By 2030 it is estimated that roughly 50% of adults in the United States will be obese, with 25% having severe obesity1. The prevalence of obesity in U.S. adults has increased from 30.5 to 41.9% from 1999 to 2023; the prevalence of severe obesity has increased from 4.7 to 9.2%. Approximately 18% of U.S. children currently are obese2. The estimation from twin and GWAS data is that the risk of obesity is 30–50% heritable3,4,5,6. Changes in underlying genetics cannot be responsible for large increases in the prevalence of obesity over such a short period of time; however, the propensity to gain weight in an environment with ready access to food is largely genetic7. Genome-wide association studies have identified many common variants associated with body weight regulation8,9,10. More recently, polygenic risk scores aggregating large numbers genetic variants, each with small contributions to energy homeostasis, can be used to predict obesity deciles in some genetic ancestries11. However, the known genome-wide significant loci only explain ~6% of variation in BMI12,13. Exome sequencing of large numbers of individuals has accelerated the discovery of rare genetic contributors to quantitative phenotypes such as height14,15, celiac disease16, and dyslipidemia17,18. In many instances the precise mechanistically functional relevance of these associated genetic variants remains unknown.

Recent advances in the treatment of obesity19 and hyperlipidemia20 have used human genetics to identify genes contributing to extreme phenotypes to understand biology and molecular mechanisms and develop novel interventions. The advent of large-scale exome/genome sequencing in the United Kingdom Biobank (UKBB) and All of Us has extended the ability to assess rare variants at large scale in addition to prior methods of assessing common variants in GWAS. In the current study we combine the power of large population genomic data from the UKBB and All of Us and an extreme obesity cohort recruited at Columbia University. We report the association of predicted loss of function (pLoF) alleles in the gene BSN with body mass index (BMI).


Cohorts and overview of analysis workflow

We obtained data from three cohorts to identify new obesity risk genes: 1) the UK Biobank (UKBB) study21,22 (interim 200k release, Table 1) with exome sequence data and basic phenotype information. We excluded related individuals and individuals with a history of cancer or eating disorders and limited analysis to the 144,496 individuals of European ancestry by principal component analysis. 2) a cohort recruited at Columbia University (the Columbia cohort- summarized in Table 2) enriched in early onset and extreme obesity23 with 1598 probands with exome sequencing data, and 3) the All of Us dataset of about 50,000 European ancestry individuals with both BMI and whole genome sequencing data.
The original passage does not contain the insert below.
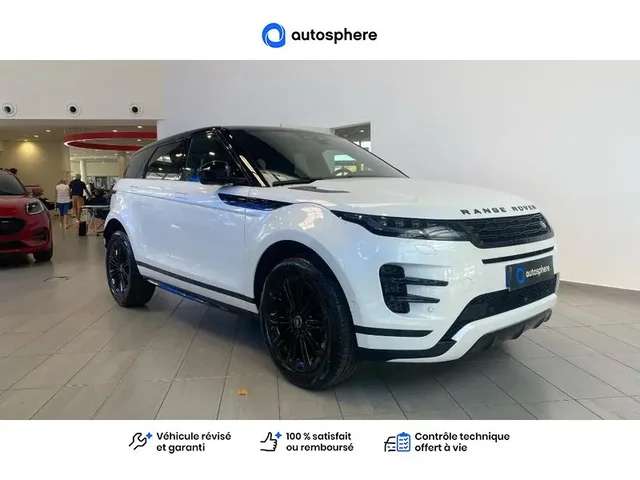 Occasion Land-Rover Range Rover Evoque à Bagneux chez FORD BAGNEUX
Table 1 UKBB cohort summary.
Table 2 Patients in Columbia cohort.

We used the UKBB data as the discovery cohort for association of rare variants and BMI, and then sought additional support in the Columbia cohort and replication in the All of Us data (Fig. 1).

Fig. 1: Overall workflow.
figure 1

Only rare (MAF < 10−4) likely damaging variants are kept for association analysis. Drevel refers to likely damaging missense variants with REVEL-predicted score above a certain threshold. In the association analysis of the discovery cohort (UKBB), 7 different combinations of variants were tested using the REGENIE linear regression gene-burden test. BSN reached significance and was replicated in the All of Us dataset (N ~ 50,000). Two BSN LoF heterozygotes were identified in Columbia patients.
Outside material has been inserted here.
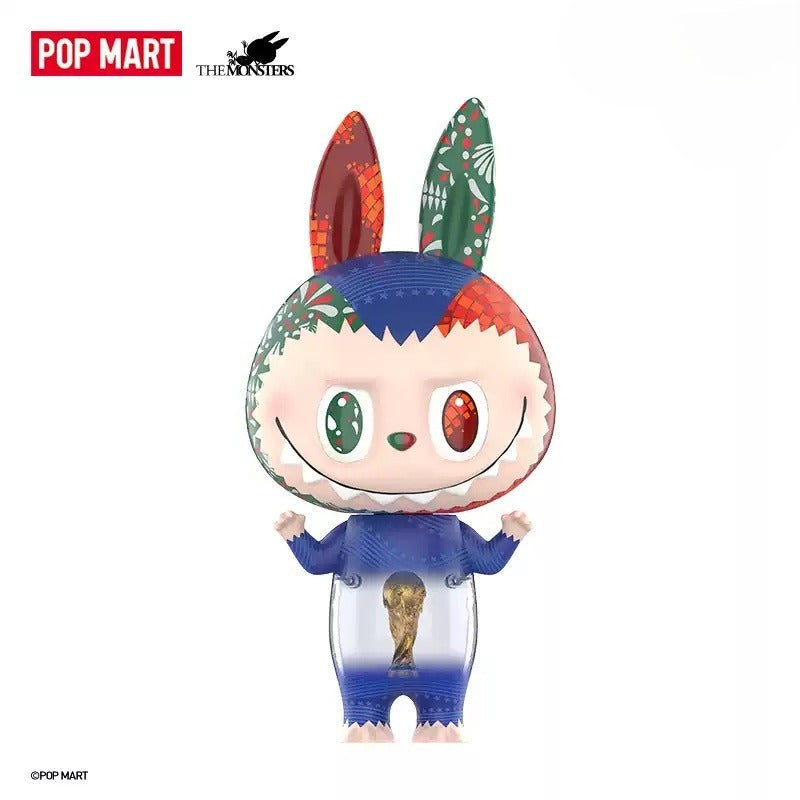 POP MART THE MONSTERS MEGA LABUBU 400% And 1000% FIFA World Cup Limited Edition Figure (PRE-ORDER)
Association of rare variants with BMI in the discovery cohort

First, we performed an exome-wide scan of risk genes through a linear regression of BMI over counts of rare damaging variants using the UKBB data. For each gene, we tested seven different ways of combining rare (allele frequency < 1e-4 in the population) variants, including protein truncating variants (inclusion or not), and predicted damaging missense variants by REVEL at variable thresholds. We carried out the association test using REGENIE24, with age, Townsend deprivation index at recruitment, smoking /alcohol status, sex, the first eight principal components, and genetic heterozygosity as covariates (Q-Q plot for UKBB in Supplementary Figure 1). We identified two genes associated with BMI with exome-wide significance (Table 3, one is MC4R (beta = 1.4, p-value = 5.0e-10, genomic position for MC4R variants in Supplementary Fig. 2, BMI distribution in Supplementary figure 3), a known obesity gene; the other is BSN (beta=6.2, p value = 3.6e-12), a novel putative obesity risk gene (individual variants listed in Supplementary Tables 1 (MC4R) and 2(BSN)).
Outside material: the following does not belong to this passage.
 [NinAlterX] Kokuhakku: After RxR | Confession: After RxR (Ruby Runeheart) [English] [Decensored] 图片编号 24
Table 3 REGENIE linear regression for UKBB only.

The association of BSN with BMI is primarily driven by protein-truncating variants and damaging missense variants with REVEL > 0.75. Twenty-seven individuals have heterozygous genotypes for one of these variants (aggregated allele frequency = 9.3e-5). Figure 2a shows the BMI distribution of BSN predicted deleterious heterozygotes compared to the overall UKBB population (Kolmogorov-Smirnov p-value = 1.4e-05).

Fig. 2: BMI density distribution.
figure 2

a The BMI density distribution for pLoF BSN heterozygotes is shifted to a higher BMI than the overall UKBB cohort. A.) There is an apparent bi-modal distribution for the BSN pLoF heterozygotes. This distribution is not explained by putative protein functional consequences (CADD score), genomic physical location, phylogenetic conservation, epigenetic markers, or histone modification across different stages. The bimodal may be simply due to the small number of carriers and the bin size, if the bin size is increased from 2 to 5, the binomial distribution goes away. The distribution difference between overall cohort and UKBB heterozygotes was tested using the Kolmogorow-Smirnov method (p = 1.4e-05). The dots in the red curve represent the BMI of the individuals with predicted deleterious BSN variants. b Phenotype of BSN pLoF heterozygotes in the Columbia cohort.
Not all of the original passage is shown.